Three cheers for the 'other' team
February 20, 2002
Last night was a cool night to watch the olympics. I guess every night in Salt Lake is cool, but it was especially cool at the bobsleigh venue.
The USA-2 team brought America its 21st medal of the Olympics. More than that they brought a little more of the Olympic ideal to an event that so often seems to be a celebrity circus.
It wasn't the fact that this was the first bobsleigh gold for America in 46 years. It wasn't the fact that Vonetta Flowers became the first African-American to win a gold medal in the winter Olympic games--though that was pretty, well, cool. It wasn't the color of Vonetta's skin--or the color of her partner's--that made the accomplishment special to me. It was the complete innocence of their attitudes and the more than skin deep class that they exhibited.
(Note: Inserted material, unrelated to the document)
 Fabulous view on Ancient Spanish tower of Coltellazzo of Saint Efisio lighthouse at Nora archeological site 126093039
Maybe you have not been keeping up with women's bobsleighing going into these games. If you had been you would realize that USA-2 was the "other" team. They were the team that was along for the ride. USA-1 was the flashy team getting all the attention, appearing on late-night talk shows and attracting the advertising dollars. Driver Jill Brakken and "brakeman" (great to know there is still some politically incorrect terms out there--shouldn't it be "brakeperson") Vonetta Flowers quietly trained and showed up at the games in the shadow of the over the top Janine Racine and Gea Johnson.
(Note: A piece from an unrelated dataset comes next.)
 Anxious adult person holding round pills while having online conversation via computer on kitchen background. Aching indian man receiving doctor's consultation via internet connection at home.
It was then out of the shadows and into the spotlight. And you had to love what the light exposed. Jill seemed speechless so Vonetta did most of the talking. It wasn't so much what she said as how she said it. It was obvious these girls hurled down the shoot because they loved it. Winning the medal was a surprise.
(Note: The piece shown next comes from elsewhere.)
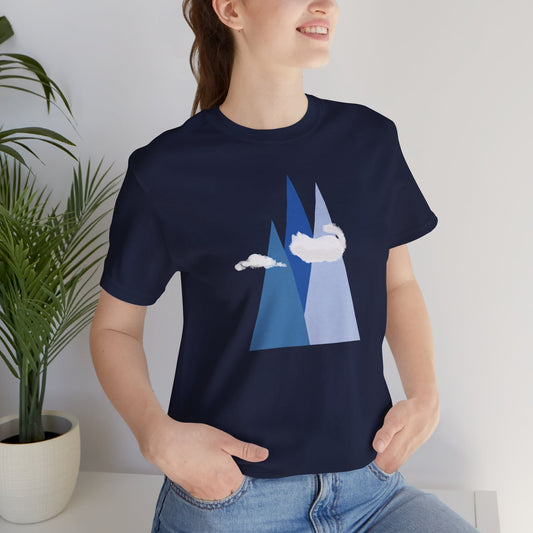 smiling person wearing a navy blue t-shirt with mountain and cat cloud graphic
"I never thought I'd be here. My goal was to be in the Summer Olympics, but God had another plan for me. I didn't know I was the first African-American to win a gold medal in the Winter Olympics. I didn't think about it, but it's awesome." Vonetta ended the interview answering the question concerning her future plans. "My next goal is to start a family. I don't know if I'll come back to the sport."
Well, Johnny Flowers is a lucky guy and my guess is that Vonetta will be a gold medal mom. You go girls! Thanks for a great reminder of what the olympics are really all about.